◆ Description of the task ◆
Take the lines from the one with "Salão, 285 m²" through the end of the material below and repeat them exactly, dropping every picture.

◆ Records provided ◆
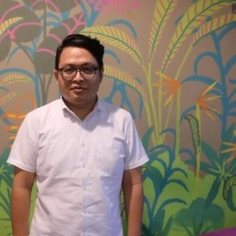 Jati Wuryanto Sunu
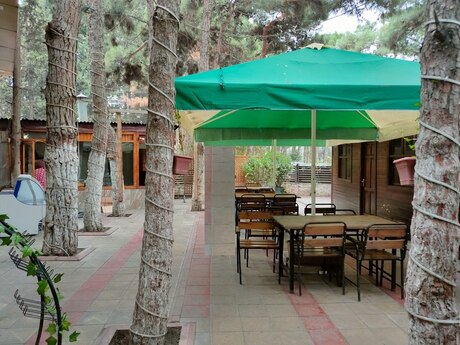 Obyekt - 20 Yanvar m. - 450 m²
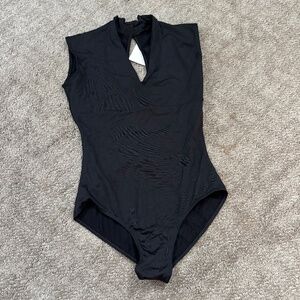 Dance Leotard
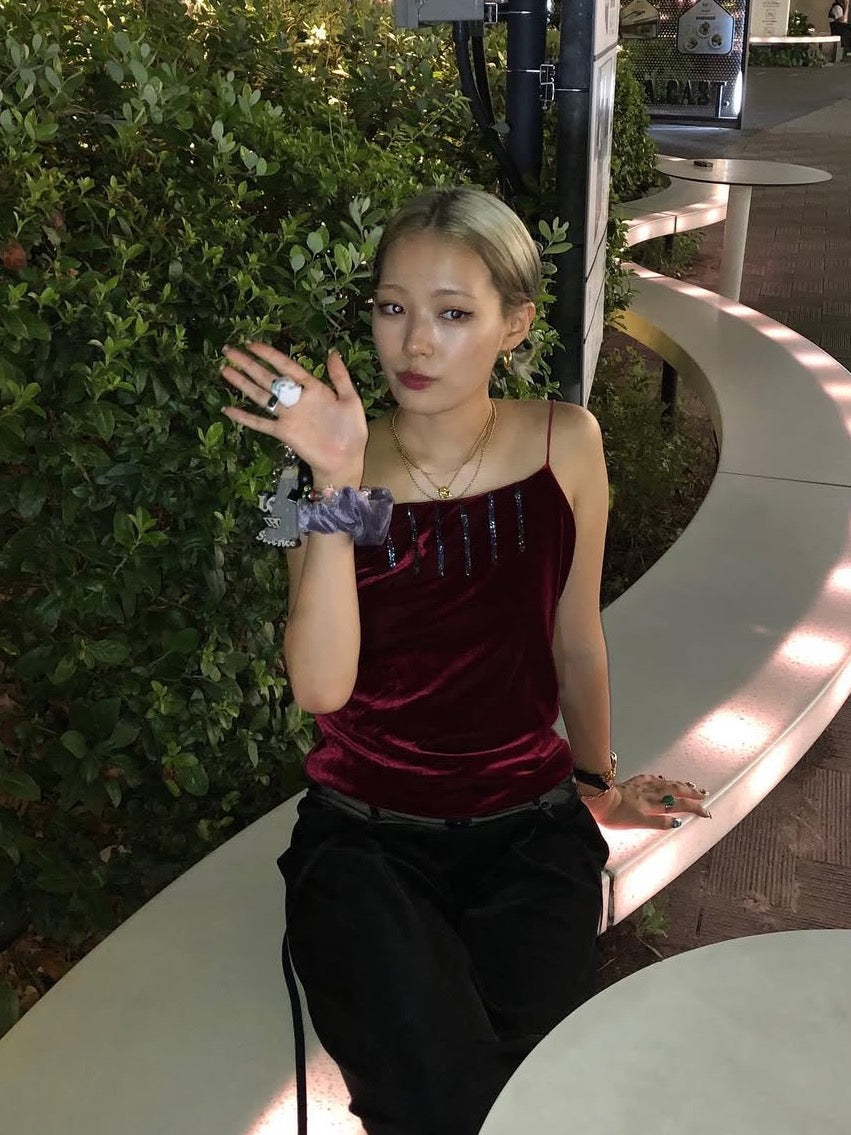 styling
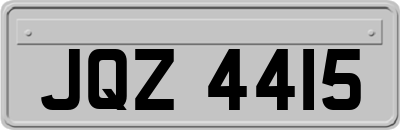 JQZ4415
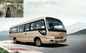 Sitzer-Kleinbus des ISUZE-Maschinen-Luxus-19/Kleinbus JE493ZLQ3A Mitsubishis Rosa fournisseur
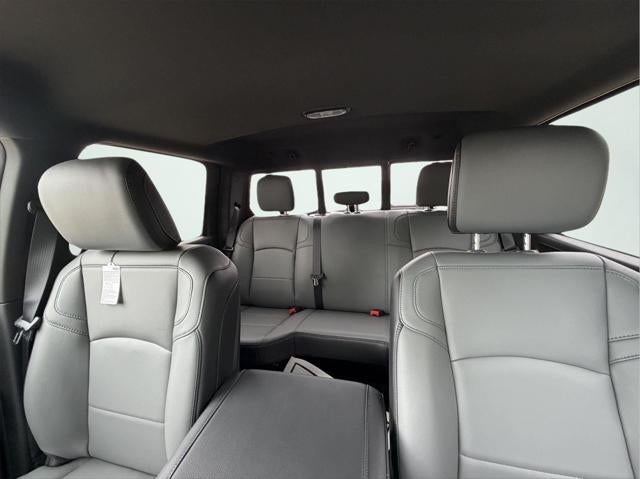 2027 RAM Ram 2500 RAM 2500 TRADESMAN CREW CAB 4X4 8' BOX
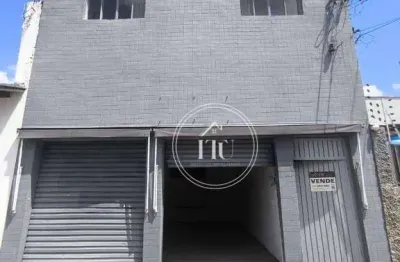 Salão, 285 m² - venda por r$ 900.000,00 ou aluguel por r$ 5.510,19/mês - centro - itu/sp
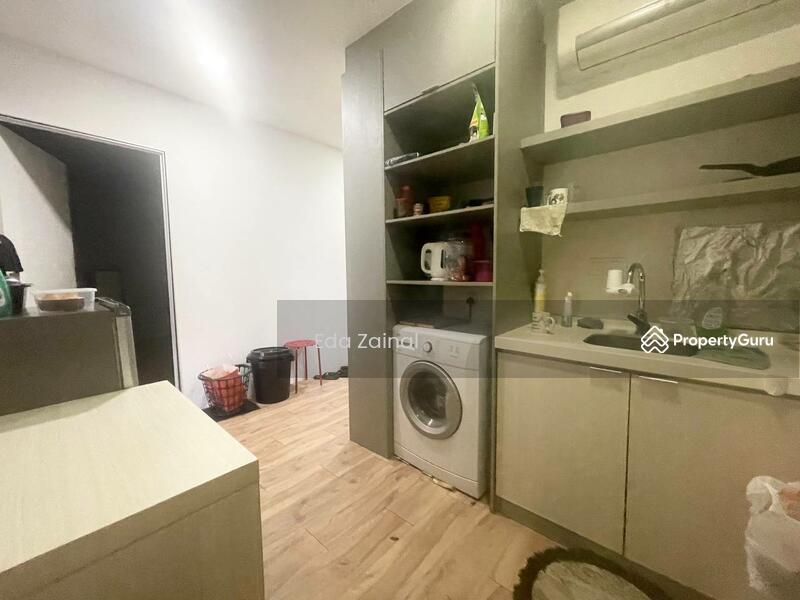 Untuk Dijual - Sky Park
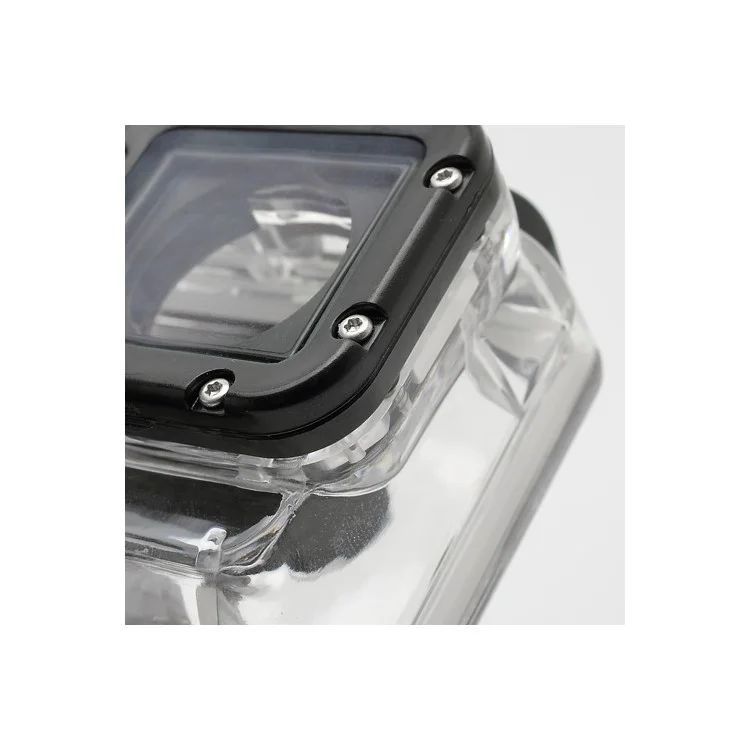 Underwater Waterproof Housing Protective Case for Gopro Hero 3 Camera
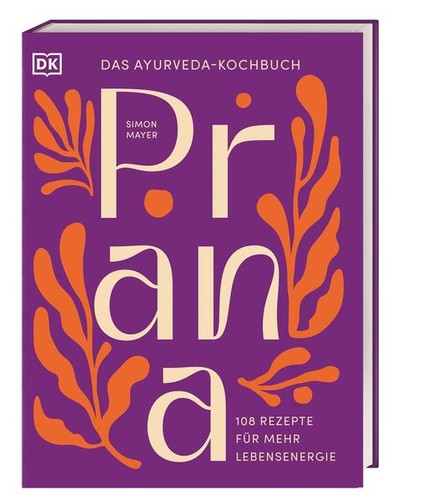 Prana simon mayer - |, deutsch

◆ Task answer ◆
 Salão, 285 m² - venda por r$ 900.000,00 ou aluguel por r$ 5.510,19/mês - centro - itu/sp
 Untuk Dijual - Sky Park
 Underwater Waterproof Housing Protective Case for Gopro Hero 3 Camera
 Prana simon mayer - |, deutsch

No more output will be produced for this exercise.